What to do: Transcribe the entries exactly as given and skip whatever images they hold.

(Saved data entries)
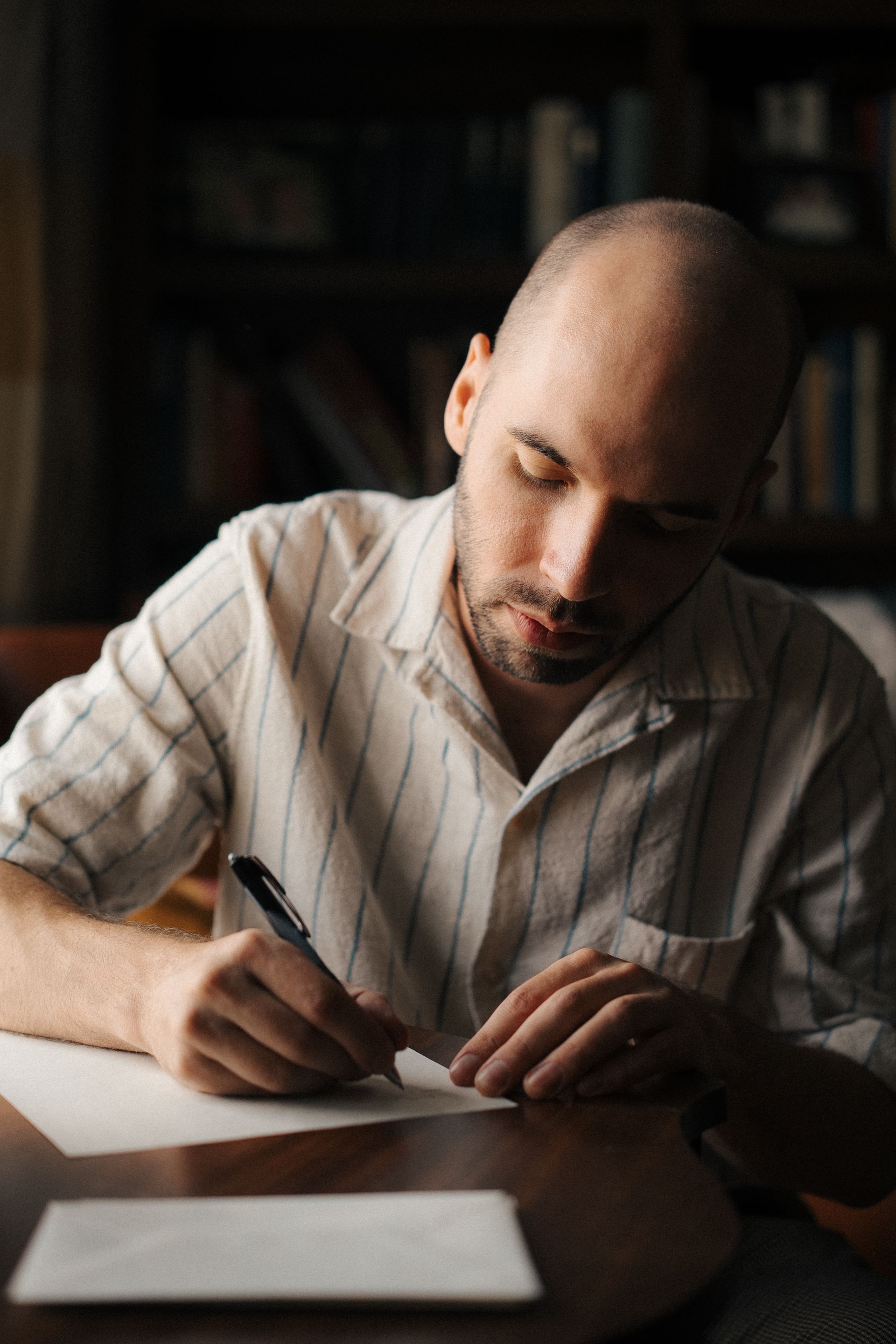 A person in a white striped shirt writes in a notebook at a desk in moody lighting.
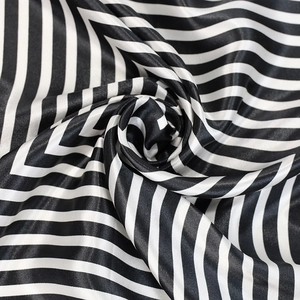 Close-up of elegant black and white striped satin silk scarf fabric in spiral folds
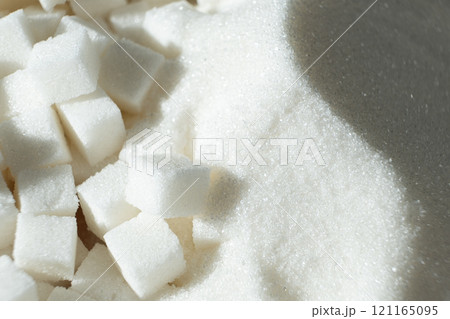 White refined beet sugar in the form of crystals and cubes. 121165095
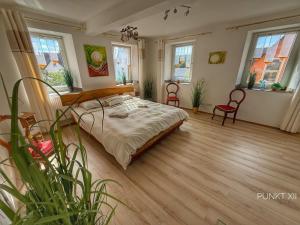 a bedroom with a bed and two chairs and windows at Wohnung 8 in Burghaslach +35 photos
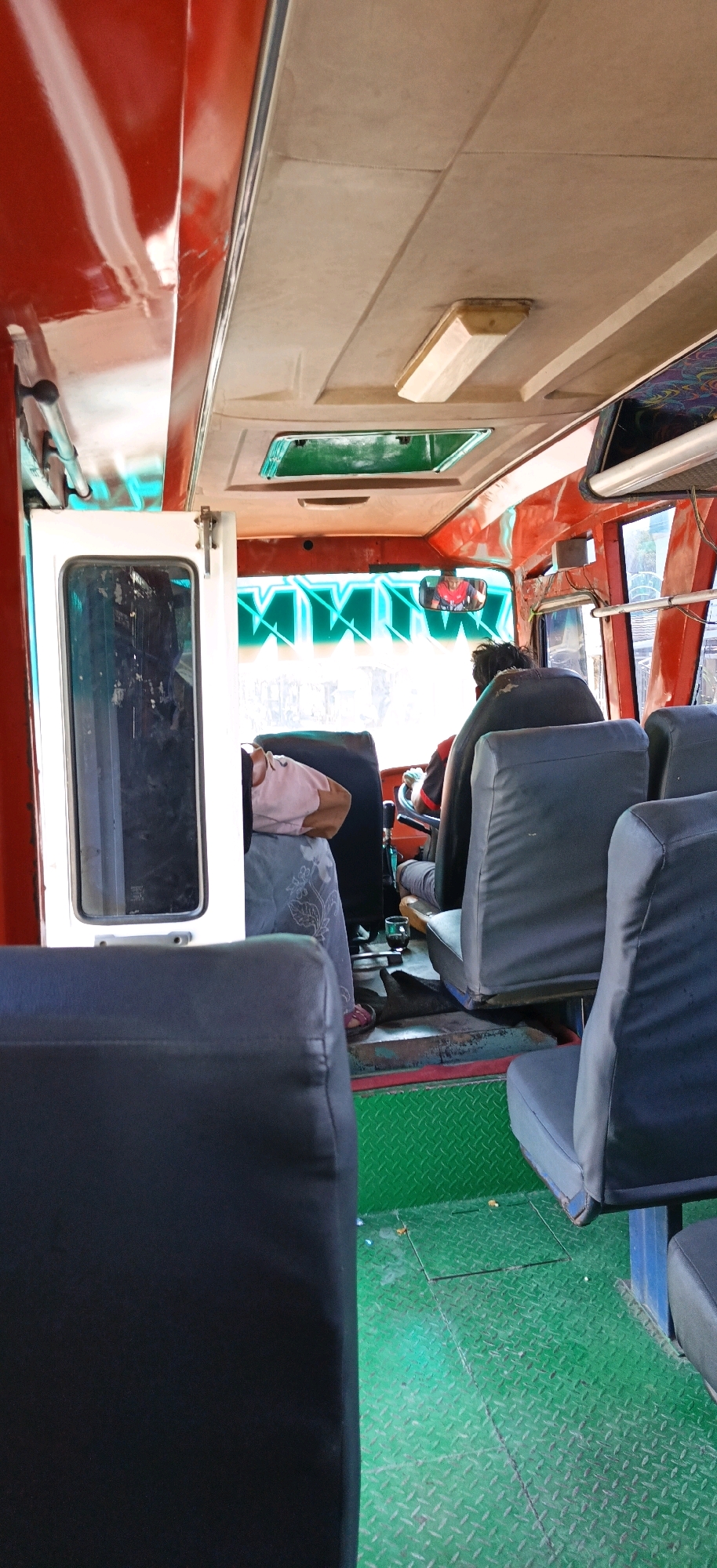 The image shows the interior of a bus, likely in Kebumen, Indonesia, viewed from the back seats looking forward. The bus has red trim and a beige ceiling with a light fixture. The floor is green diamond plate. There are several rows of dark gray seats. In the front, a driver is visible behind the steering wheel, wearing a red and black shirt and looking in a rearview mirror. To the left of the driver, a person in a pink shirt is seated and leaning back, with their legs crossed. A white door with a glass panel is open on the left side of the bus. Bright green lettering is visible on the front windshield.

Solved problem:
 A person in a white striped shirt writes in a notebook at a desk in moody lighting.
 Close-up of elegant black and white striped satin silk scarf fabric in spiral folds
 White refined beet sugar in the form of crystals and cubes. 121165095
 a bedroom with a bed and two chairs and windows at Wohnung 8 in Burghaslach +35 photos
 The image shows the interior of a bus, likely in Kebumen, Indonesia, viewed from the back seats looking forward. The bus has red trim and a beige ceiling with a light fixture. The floor is green diamond plate. There are several rows of dark gray seats. In the front, a driver is visible behind the steering wheel, wearing a red and black shirt and looking in a rearview mirror. To the left of the driver, a person in a pink shirt is seated and leaning back, with their legs crossed. A white door with a glass panel is open on the left side of the bus. Bright green lettering is visible on the front windshield.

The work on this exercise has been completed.